On June 27, the US Court of Appeals, 2nd circuit, refused to disturb the Independence Party’s victory last year, on the issue of whether the party had the right to let independent voters vote in its primary. One county unit of the Independence Party (Richmond County, which is Staten Island) had passed a resolution saying independents could vote in its primary for legislature. That 2004 primary was the first primary in New York state history in which independent voters could vote. The State Board of Elections had tried to persuade the 2nd circuit that the US District Court judge should not have issued the injunction that allowed independents to vote in the party’s primary. But on June 27, the 2nd circuit said the issue was moot. The state’s argument had been that only the full county committee, not just the county executive committee, had the right to make the rules change. The US District Court had said the executive committee had the power to make the rules change.
On May 12, the Governor of Indiana signed SB 467, which ends a subsidy to political parties that polled more than 10% of the vote in the last Secretary of State’s election. The subsidy consisted of most of the state revenues from the sale of personalized auto license plates. The Libertarian Party had sued against this subsidy back in 1984, but the courts had upheld it. However, it is now gone.

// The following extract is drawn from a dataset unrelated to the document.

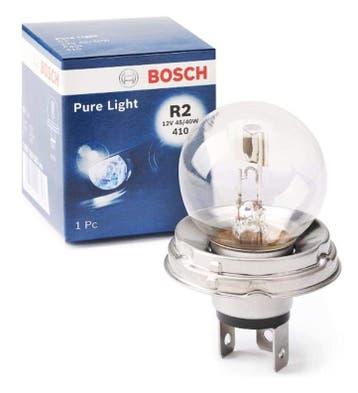 Bosch Pure Light R2 , 12V45/40W, Auto-onderdelen, Verzenden, Nieuw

On June 24, the First Circuit upheld a Massachusetts law that says the initiative process cannot be used to pass a new law pertaining to religious institutions. The same court also upheld a companion law, that the initiative process cannot be used to pass a new law mandating financial aid to private schools. The plaintiffs had wanted to circulate an initiative, providing for public funding for private schools. Wirzburger v Galvin, 04-1625.

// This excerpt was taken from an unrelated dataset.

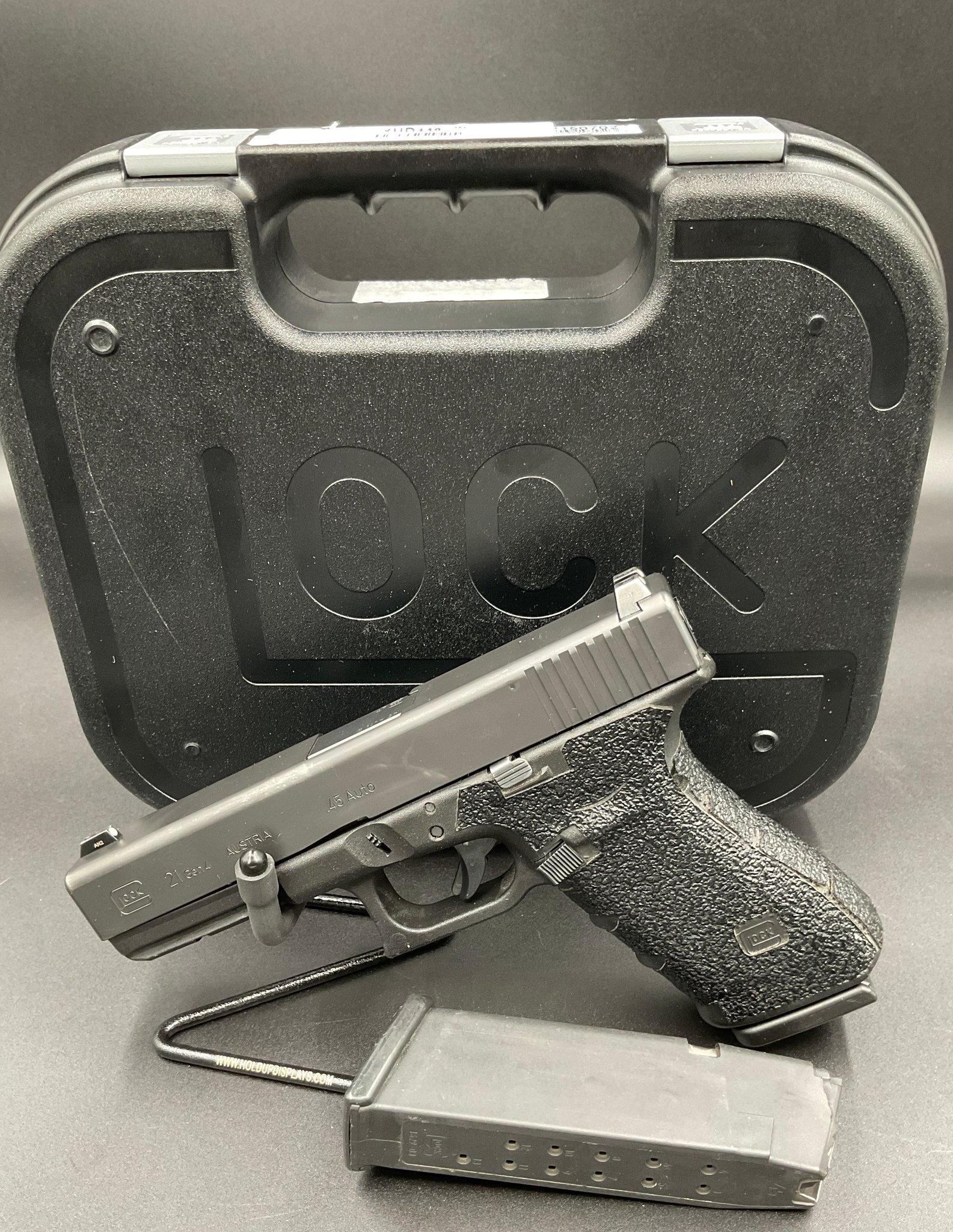 GLOCK G21 GEN 4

Ohio’s Sub. HB 3, which (among other things) would provide that voters may register into particular parties on their voter registration forms, is likely to be tabled for the remainder of the summer.
Sub. HB 3 is an election law omnibus bill, but currently it has no ballot access improvements in it, even though three of Ohio’s ballot access laws are currently being litigated in the U.S. Court of Appeals, 6th circuit. Perhaps when the bill is taken up again in September or October, some of the ballot access problems can be addressed in the bill.
On June 20, Florida’s Governor signed HB1567, which (among other things) clarifies the definition of “national political party”. A “national political party” can place its presidential nominee on the general election ballot with no petition, but the law in the past did not define “national political party”. The new law says it is a party that is on the ballot in at least one state other than Florida.